Reaching Your Secondary Audience

30826_vintage_microphoneJust out of high school, I worked as a pitchman. My job was to speak about products in a compelling way as to make the audience want to purchase what I was presenting. I would set up at flea markets and festivals attempting to draw the largest crowds I possibly could. The larger the group, the more I sold. The lessons I learned from this job have been invaluable to me in ministry.

One such lesson that I am often reminded of is that the immediate audience is not always the primary audience. The hardest part of developing a crowd is getting permission to begin a presentation. Permission was granted when I could get one interested party to stop and listen to my presentation. What I found most interesting is that the person who purchased my product was usually not the one who gave me permission to present. Instead, my sales generally came from the onlooker, the person who joined the presentation late and listened from a distance. My immediate audience, the one who gave me permission to begin, rarely became my customer. My customer was the secondary audience.
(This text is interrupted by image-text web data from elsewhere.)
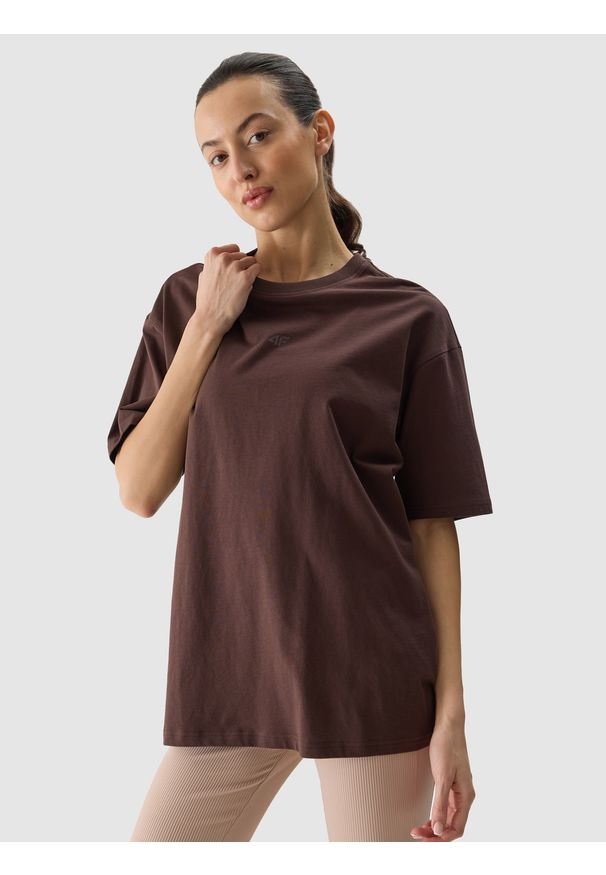 4f - 4F T-shirt oversize gładki damski - brązowy L. Okazja: na co dzień. Kolor: brązowy. Materiał: bawełna, jersey, dzianina. Wzór: gładki. Sezon: lato. Styl: sportowy, casual, klasyczny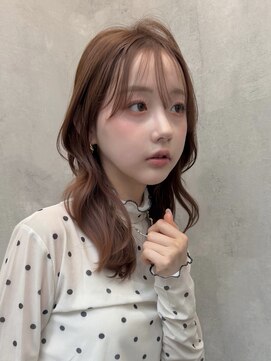 ラベル 渋谷(LAVEL) ペールオレンジブラウンミディアムレイヤーカットシースルー渋谷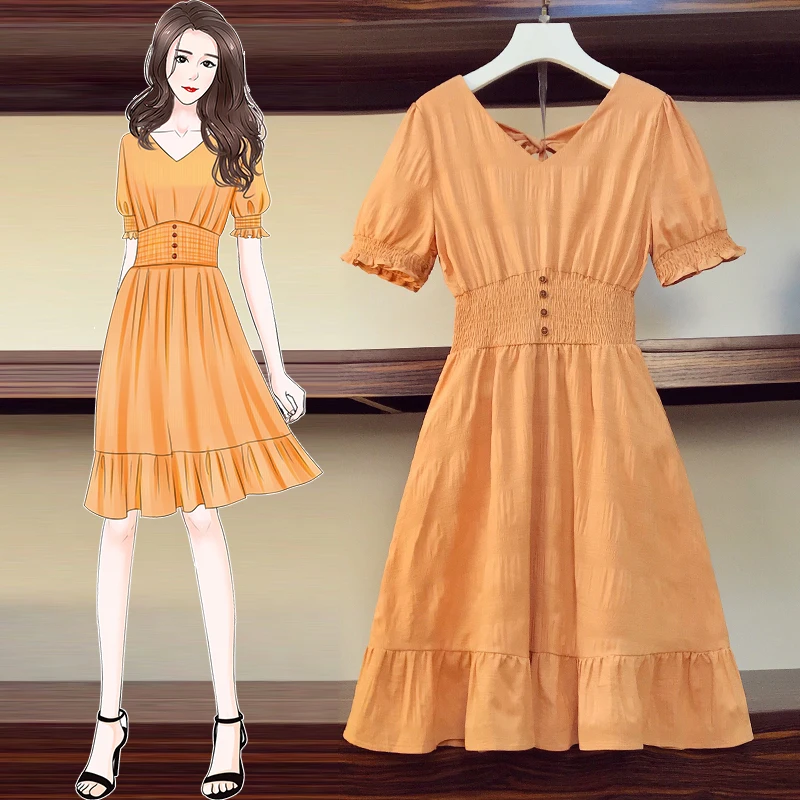 4XL Plus Size Women Cute Ruffle Dress Summer 2021 Fashion V-neck Short Sleeve Bow Lacing Elastic High Waist Loose Ladies Dresses
4XL Plus Size Women Cute Ruffle Dress Summer 2021 Fashion V-neck Short Sleeve Bow Lacing Elastic High Waist Loose Ladies Dresses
The same is true in ministry. In youth ministry, we have our primary audience: our students, parents, and families that are part of the church. We can have a positive impact on them for Jesus. My experience though is that when our primary audience gives us permission, and we seek to do our presentation well, then a door is opened to the curious onlookers. These onlookers are many times the ones that we get the opportunity to share the gospel with for the very first time. These onlookers or secondary audience can quickly become our “customers” as we share the good news of the resurrection.

A friend once shared with me that he was praying with a church member who was in the hospital. The nurse came into the room and asked to speak with my friend. He was worried because he often prayed loudly and was certain that she was going to tell him to keep it down. Instead, the nurse said that her other three patients heard his prayer from their rooms. They all wanted to know if he would also come to pray with them.

Friends, may we not shy away from our calling. May we seek to do well in our presentations, whatever they may be so that we are presented with more opportunities to speak to this secondary audience. After all, the second audience is ripe for the harvest!